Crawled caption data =
-- Opening Marker --

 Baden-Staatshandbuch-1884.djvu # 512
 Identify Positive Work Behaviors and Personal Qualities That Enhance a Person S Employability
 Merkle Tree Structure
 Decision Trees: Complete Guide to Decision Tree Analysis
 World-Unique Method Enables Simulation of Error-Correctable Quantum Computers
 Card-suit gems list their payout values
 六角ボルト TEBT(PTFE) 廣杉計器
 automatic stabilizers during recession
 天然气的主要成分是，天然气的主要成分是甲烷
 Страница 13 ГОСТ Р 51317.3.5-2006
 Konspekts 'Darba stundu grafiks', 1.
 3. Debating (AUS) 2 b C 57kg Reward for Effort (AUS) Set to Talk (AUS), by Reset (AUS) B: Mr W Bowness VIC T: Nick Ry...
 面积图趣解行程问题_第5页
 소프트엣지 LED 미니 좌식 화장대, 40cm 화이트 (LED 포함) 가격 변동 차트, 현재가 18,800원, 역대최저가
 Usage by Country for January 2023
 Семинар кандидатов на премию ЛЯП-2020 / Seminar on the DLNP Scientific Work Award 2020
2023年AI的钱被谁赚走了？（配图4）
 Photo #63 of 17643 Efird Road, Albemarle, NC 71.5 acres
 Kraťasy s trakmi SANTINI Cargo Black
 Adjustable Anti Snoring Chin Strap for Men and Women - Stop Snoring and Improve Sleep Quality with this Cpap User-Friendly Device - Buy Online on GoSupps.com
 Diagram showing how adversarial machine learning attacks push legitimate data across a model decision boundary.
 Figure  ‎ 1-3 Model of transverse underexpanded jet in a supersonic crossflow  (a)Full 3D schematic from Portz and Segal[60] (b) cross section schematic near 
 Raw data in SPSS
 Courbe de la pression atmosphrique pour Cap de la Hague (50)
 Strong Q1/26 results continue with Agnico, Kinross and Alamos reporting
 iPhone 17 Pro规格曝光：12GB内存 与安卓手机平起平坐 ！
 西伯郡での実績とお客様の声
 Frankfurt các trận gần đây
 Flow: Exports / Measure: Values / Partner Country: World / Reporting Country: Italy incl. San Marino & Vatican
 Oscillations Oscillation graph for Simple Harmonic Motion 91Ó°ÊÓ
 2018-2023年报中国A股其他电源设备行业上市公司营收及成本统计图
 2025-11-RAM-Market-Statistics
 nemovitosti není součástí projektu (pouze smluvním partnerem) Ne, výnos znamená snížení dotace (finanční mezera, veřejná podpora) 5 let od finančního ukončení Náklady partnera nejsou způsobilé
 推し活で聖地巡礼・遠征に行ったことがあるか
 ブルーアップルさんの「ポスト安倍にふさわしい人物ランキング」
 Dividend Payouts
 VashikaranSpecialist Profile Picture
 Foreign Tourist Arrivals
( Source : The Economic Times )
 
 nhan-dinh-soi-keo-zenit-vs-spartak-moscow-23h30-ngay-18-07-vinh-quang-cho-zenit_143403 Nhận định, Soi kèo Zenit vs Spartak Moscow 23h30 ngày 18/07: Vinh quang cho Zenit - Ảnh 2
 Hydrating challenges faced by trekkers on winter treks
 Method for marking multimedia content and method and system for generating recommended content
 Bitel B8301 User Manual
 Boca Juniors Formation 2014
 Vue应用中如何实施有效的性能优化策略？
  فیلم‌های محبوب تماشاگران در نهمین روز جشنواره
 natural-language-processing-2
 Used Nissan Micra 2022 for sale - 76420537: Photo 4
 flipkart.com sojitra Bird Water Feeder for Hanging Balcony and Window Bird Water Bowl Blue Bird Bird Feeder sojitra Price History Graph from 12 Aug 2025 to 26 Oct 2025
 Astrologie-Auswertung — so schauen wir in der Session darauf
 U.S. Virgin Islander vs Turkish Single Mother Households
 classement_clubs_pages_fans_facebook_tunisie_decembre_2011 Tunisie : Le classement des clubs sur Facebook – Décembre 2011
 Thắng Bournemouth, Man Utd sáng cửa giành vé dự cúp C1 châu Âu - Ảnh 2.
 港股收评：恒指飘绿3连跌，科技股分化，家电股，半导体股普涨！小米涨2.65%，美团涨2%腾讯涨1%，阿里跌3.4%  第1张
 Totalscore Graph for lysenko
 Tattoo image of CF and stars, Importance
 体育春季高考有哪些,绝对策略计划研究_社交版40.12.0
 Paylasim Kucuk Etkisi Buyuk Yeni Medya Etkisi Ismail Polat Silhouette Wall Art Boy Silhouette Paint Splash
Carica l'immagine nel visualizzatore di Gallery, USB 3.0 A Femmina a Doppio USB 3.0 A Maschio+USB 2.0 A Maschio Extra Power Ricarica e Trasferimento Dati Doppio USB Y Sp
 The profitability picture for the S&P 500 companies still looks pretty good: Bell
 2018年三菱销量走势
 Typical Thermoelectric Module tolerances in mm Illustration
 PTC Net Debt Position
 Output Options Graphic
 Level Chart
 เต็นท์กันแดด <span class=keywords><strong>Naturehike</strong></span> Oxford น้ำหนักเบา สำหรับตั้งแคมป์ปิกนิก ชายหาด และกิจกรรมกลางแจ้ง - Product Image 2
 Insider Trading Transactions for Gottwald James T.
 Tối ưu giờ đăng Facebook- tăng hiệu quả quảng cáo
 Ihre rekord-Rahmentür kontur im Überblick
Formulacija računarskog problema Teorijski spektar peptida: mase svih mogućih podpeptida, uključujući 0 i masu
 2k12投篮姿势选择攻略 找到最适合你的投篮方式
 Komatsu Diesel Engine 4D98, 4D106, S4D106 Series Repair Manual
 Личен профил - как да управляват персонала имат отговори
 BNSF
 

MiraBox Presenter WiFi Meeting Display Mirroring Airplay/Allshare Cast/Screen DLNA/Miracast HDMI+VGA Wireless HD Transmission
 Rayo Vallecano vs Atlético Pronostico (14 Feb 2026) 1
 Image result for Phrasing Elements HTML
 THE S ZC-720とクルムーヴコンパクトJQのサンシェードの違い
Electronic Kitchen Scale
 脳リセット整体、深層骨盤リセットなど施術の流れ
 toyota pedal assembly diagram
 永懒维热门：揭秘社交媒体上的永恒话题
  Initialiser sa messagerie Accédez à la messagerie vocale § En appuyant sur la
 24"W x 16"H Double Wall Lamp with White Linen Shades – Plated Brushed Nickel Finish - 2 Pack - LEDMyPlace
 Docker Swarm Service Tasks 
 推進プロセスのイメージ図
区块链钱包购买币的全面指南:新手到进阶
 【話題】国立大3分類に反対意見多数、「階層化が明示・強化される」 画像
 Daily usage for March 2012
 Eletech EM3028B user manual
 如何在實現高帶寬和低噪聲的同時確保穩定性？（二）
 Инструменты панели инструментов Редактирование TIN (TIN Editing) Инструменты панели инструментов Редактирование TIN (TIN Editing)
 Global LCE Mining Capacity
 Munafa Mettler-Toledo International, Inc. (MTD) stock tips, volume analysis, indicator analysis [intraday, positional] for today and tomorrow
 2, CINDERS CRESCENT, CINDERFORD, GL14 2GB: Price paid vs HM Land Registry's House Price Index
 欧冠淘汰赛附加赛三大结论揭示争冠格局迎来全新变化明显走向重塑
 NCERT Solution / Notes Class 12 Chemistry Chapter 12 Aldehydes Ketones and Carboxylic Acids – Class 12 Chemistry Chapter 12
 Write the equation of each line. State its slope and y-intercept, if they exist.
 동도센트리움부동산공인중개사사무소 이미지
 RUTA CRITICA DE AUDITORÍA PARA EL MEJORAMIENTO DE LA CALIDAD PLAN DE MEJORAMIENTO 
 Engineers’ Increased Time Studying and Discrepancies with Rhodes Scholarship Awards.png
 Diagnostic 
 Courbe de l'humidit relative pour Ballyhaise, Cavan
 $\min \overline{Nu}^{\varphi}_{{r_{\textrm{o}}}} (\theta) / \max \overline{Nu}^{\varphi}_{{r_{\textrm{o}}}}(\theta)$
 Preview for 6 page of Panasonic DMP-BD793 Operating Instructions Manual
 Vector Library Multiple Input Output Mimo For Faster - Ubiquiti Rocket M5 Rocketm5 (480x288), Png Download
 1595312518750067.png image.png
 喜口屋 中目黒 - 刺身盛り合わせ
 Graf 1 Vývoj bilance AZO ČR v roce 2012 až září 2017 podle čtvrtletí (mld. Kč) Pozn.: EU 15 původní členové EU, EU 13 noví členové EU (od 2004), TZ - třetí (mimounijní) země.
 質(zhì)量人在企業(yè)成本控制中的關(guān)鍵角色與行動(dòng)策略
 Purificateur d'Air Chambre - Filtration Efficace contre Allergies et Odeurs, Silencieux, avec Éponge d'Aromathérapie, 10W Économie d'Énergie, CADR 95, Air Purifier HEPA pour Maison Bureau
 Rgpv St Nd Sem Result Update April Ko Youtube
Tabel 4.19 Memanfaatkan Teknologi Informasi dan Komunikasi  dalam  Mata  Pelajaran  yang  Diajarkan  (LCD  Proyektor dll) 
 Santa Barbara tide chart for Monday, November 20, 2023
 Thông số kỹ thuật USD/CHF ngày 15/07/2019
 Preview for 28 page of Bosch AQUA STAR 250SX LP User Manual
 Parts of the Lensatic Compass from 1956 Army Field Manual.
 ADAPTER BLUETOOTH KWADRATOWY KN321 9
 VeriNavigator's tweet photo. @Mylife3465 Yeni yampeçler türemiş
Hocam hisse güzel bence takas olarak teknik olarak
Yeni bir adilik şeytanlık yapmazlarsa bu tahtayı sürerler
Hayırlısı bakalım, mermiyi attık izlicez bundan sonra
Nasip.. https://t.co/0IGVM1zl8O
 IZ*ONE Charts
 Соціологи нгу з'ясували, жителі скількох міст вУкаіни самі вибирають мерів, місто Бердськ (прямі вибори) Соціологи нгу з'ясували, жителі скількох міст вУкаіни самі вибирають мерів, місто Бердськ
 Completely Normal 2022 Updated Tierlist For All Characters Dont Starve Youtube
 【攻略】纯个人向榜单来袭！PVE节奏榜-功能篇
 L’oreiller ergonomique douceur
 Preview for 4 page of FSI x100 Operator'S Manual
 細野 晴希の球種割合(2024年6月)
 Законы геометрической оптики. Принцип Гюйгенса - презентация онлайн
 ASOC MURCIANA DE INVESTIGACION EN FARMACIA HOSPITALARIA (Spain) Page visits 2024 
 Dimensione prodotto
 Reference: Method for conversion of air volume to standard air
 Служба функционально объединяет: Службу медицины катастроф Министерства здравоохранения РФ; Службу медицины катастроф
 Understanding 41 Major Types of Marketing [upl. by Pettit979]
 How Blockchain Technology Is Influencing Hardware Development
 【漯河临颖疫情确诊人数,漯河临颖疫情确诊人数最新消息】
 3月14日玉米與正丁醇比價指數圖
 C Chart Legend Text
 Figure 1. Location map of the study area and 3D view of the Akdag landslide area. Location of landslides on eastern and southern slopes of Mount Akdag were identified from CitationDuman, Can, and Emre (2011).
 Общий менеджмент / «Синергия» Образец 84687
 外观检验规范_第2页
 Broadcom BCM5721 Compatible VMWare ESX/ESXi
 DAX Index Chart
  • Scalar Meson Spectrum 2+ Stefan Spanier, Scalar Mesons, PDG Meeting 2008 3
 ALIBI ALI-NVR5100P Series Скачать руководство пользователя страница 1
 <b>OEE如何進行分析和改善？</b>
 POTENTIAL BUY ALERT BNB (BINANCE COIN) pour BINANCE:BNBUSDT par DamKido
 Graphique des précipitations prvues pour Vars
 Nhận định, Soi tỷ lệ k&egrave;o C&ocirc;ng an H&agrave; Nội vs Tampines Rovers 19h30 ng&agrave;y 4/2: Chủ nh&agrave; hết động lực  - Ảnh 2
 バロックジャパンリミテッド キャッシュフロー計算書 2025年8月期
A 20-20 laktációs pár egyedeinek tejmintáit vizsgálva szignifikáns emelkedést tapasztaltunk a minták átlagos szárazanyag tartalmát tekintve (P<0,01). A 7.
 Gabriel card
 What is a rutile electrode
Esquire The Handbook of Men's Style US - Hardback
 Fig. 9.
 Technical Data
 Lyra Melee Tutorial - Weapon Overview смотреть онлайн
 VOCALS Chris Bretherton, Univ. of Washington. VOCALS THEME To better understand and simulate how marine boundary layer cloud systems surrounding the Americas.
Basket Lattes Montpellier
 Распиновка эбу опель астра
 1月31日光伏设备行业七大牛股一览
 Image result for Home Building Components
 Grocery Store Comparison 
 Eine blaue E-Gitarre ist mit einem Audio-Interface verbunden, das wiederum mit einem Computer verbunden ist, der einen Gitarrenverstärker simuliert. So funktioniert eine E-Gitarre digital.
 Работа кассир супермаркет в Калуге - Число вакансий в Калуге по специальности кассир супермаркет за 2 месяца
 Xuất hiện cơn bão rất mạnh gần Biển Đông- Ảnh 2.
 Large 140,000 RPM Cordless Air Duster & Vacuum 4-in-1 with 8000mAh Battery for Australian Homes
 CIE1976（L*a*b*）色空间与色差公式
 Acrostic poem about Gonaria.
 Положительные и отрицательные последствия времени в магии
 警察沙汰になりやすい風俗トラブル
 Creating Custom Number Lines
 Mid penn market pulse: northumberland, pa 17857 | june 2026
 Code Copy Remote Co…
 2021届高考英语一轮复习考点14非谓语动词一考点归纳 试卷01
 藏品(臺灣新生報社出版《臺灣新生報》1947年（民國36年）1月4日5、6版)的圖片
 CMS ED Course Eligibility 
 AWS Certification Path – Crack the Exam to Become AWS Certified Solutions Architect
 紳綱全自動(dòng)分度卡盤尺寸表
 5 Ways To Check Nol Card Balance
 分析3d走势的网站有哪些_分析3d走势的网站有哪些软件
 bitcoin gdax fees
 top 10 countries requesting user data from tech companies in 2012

-- Closing Marker --

Try it =
Using the data above, work out how many lines include the word "World" and give only that number.

Result below =
2